[WORK TASK] Please work out how many lines in the entries below include the string "Photo", and reply with the number alone.

Web page caption snippets
——

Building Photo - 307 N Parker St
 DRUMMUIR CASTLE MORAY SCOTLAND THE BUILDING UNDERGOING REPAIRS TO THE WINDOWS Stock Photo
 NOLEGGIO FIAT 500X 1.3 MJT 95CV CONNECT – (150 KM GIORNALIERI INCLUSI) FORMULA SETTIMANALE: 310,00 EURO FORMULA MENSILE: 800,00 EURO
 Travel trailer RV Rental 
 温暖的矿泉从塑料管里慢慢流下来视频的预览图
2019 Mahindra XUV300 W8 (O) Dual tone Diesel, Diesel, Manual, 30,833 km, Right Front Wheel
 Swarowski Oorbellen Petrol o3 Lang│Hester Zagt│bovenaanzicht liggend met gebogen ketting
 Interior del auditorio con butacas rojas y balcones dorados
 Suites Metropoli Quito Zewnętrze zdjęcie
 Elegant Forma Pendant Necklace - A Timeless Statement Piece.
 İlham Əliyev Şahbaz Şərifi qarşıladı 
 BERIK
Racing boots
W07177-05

——

[WRITTEN SOLUTION] 2